Yes, it is that crazy. That surreal. And it's like... it's like the New Normal. Nobody bats an eye. Me, I have eyes as big as tea saucers over every new weirdness. Everytime I think something can't get more crazy... it does.

Right now I am sitting in my Mom Cave, the living room that mostly only I occupy, which is why it's my Mom Cave, and it's Snowpocalypse and it's blizzard conditions and it's 7:25am and the whole world is not awake except for plows. And there's a huge, thousands-strong murder of crows flying madly from West-ish to East-ish over my house. Making a mad racket. They've been doing this for a good half hour. Nutty crows. I wonder what they're up to in a snowstorm? But I love them and I am glad they are here. Stay safe, crows <3

My partner and I are starting a music project. It's exciting to be practicing drums for a song-- I haven't done that in years and years. It's fun, yay!

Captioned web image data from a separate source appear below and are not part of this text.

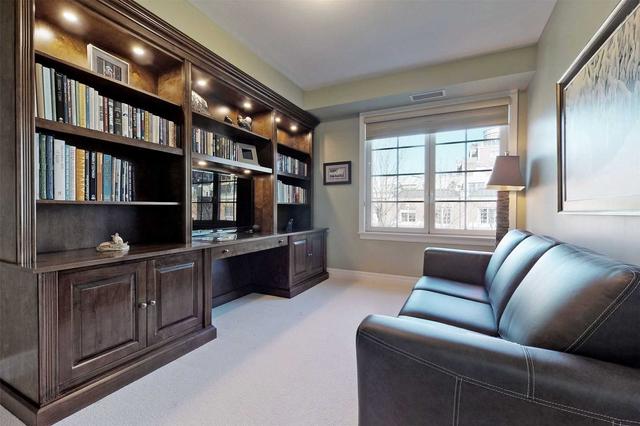 th18 - 20 Burkebrook Pl, Townhouse with 3 bedrooms, 3 bathrooms and 2 parking in Toronto ON | Image 11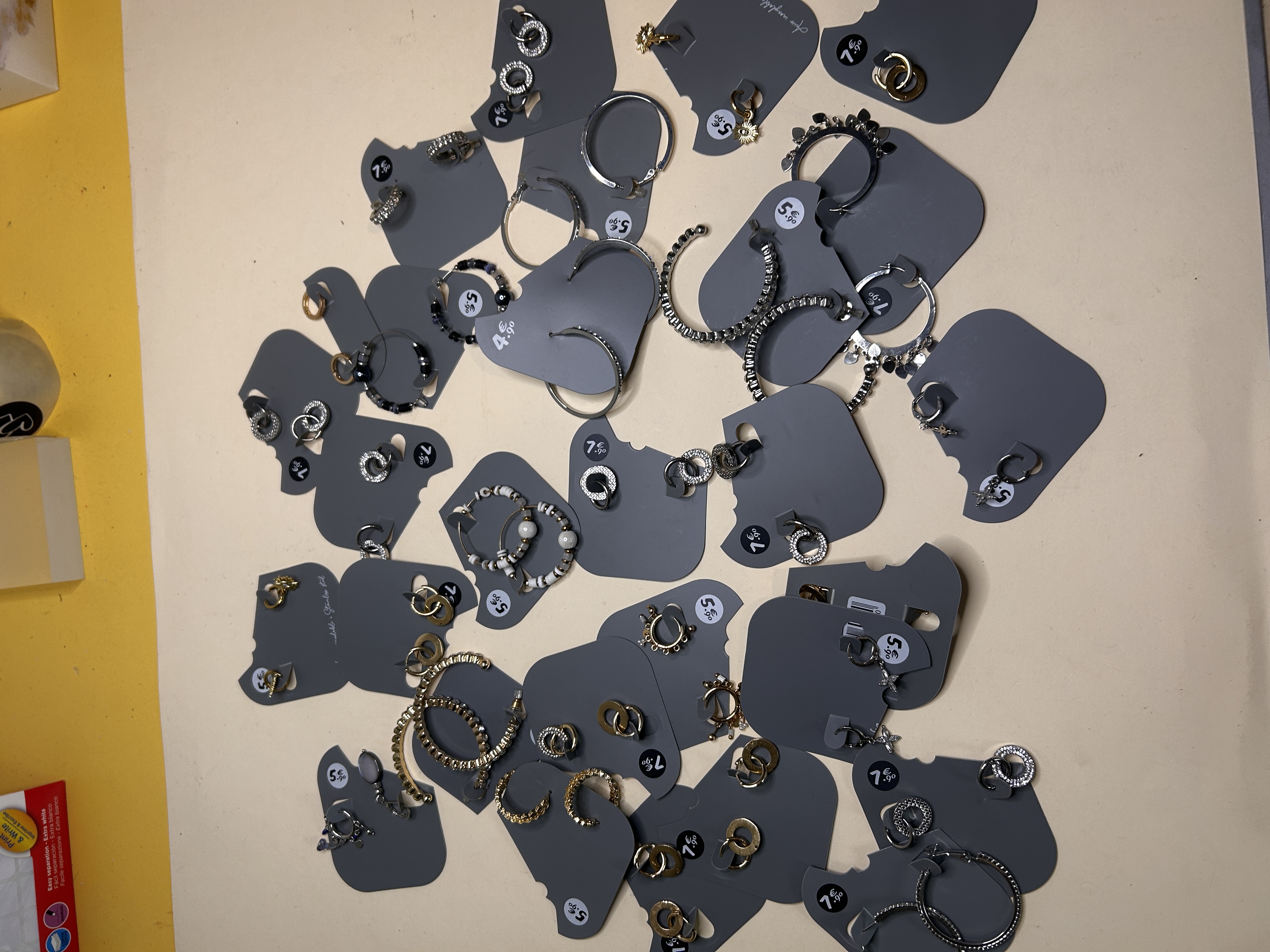 Lote de Bisutería al por Mayor - Pendientes de Aro y Criollas Variados — lote de pendientes de moda, detalle del acabado · Lotes Bisutería (HOOP-200)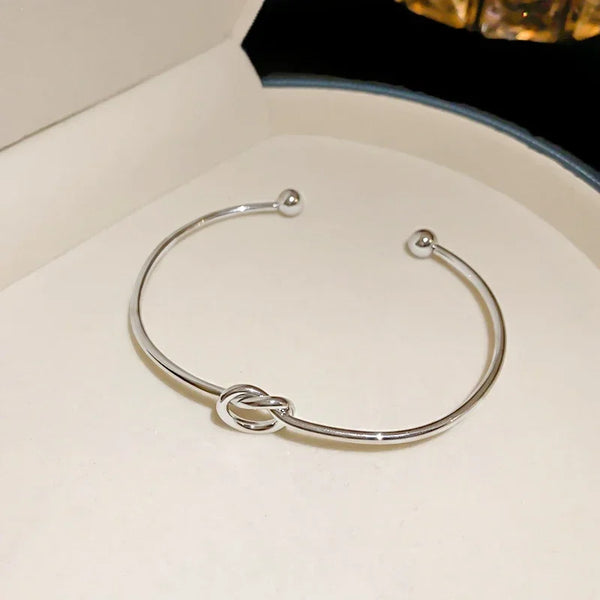 Women's rigid stainless steel bracelet with knot detail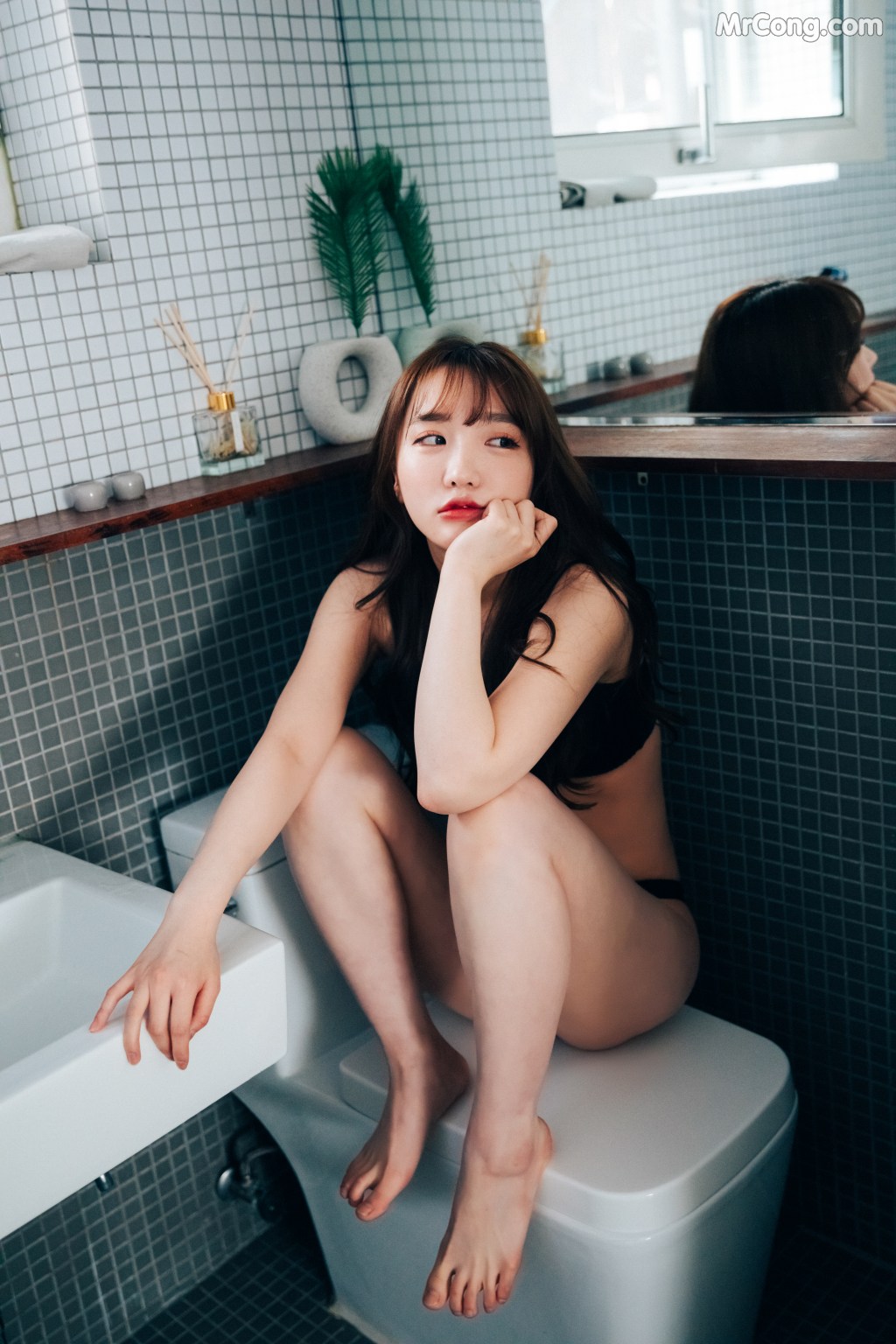 [Loozy] Maximum Vol.1 – Son Ye-Eun (손예은) (59 photos) – Page 3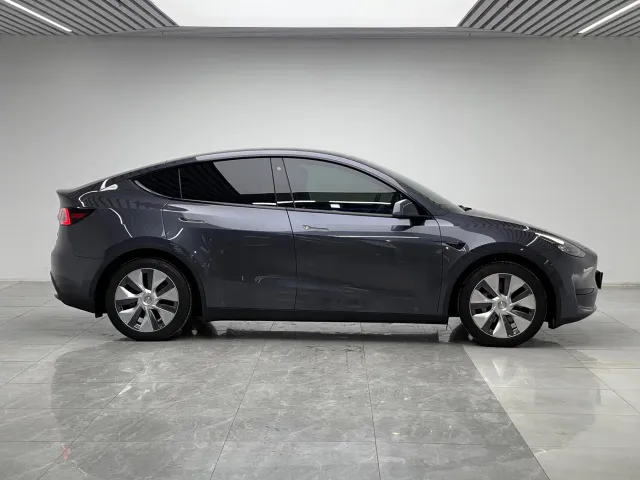 Tesla Model Y — Фото автомобиля 8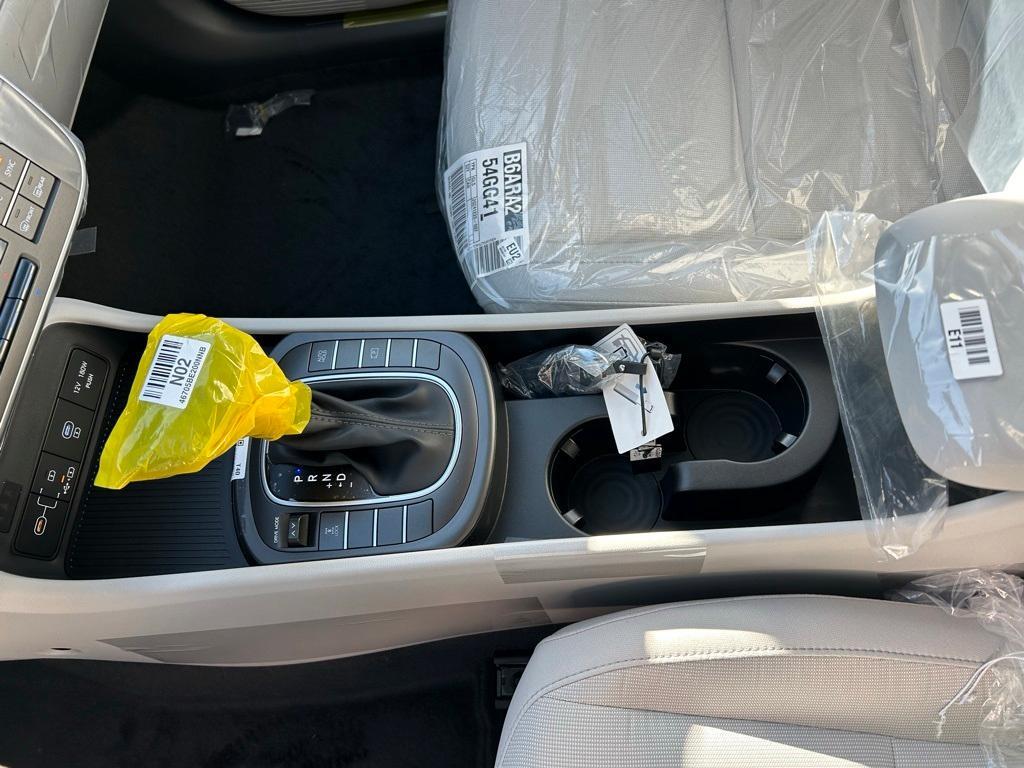 new 2025 Hyundai Kona car, priced at $28,085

Not much to say. Just trying to restart my writings.

Sunday, November 5, 2017

I have not been able to write all dang year, because the political situation in this country has been so... well, insane. Every day I wake up wondering if Ima wake up at all. We have an insane person at the helm, folks, and every day is so freaking surreal.

Okay. So.
I don't even wanna go there, because it's so depressing and I live in such an unreality, now, it's all I can do to keep my personal life afloat.
Which is to say, I made that sound all wrong, because my personal life is so amazing anymore. SO amazing... that person I started dating last year at this time, we have just celebrated a year of being together, life partners, committed romantic companions, and we had rings made by my friend Jo, who is an amazing jeweler (I dunno if even that's her official title).
An aside: Jo and I went to Syracuse University together, and she majored in metals, and she actually pursued her major into careerhood. AND, she's still playing music. She was in my first band, in the way way back. Name of Distortion. In Syracuse, in like '79-80 when I was Sheena (and still am, in some circles).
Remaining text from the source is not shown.